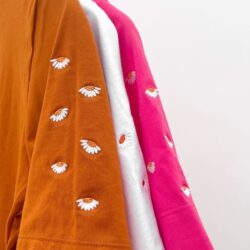 T-Shirt Girassol - Bordado na Manga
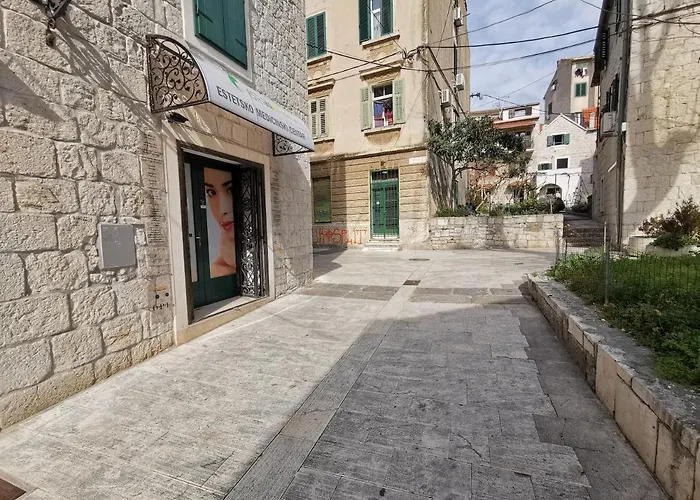 Fjaka Boutique Split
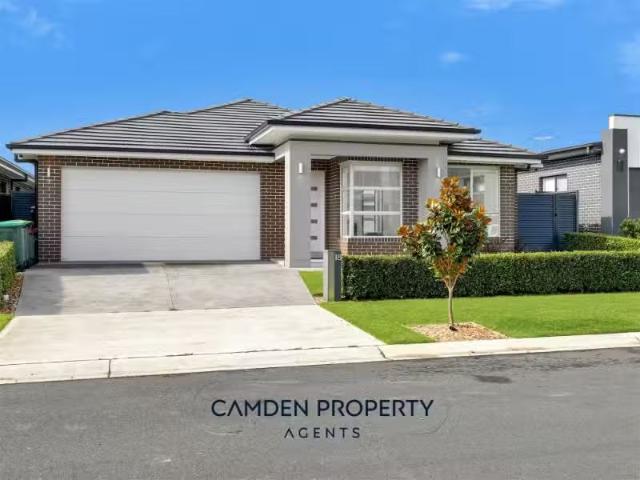 18 Burrough Street, CATHERINE FIELD House for rent Listed by.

- - -

**PROBLEM DETAILS:** Apart from the pictures, restate all of the listing above exactly.

**EXERCISE SOLUTION:**
 T-Shirt Girassol - Bordado na Manga
 Fjaka Boutique Split
 18 Burrough Street, CATHERINE FIELD House for rent Listed by.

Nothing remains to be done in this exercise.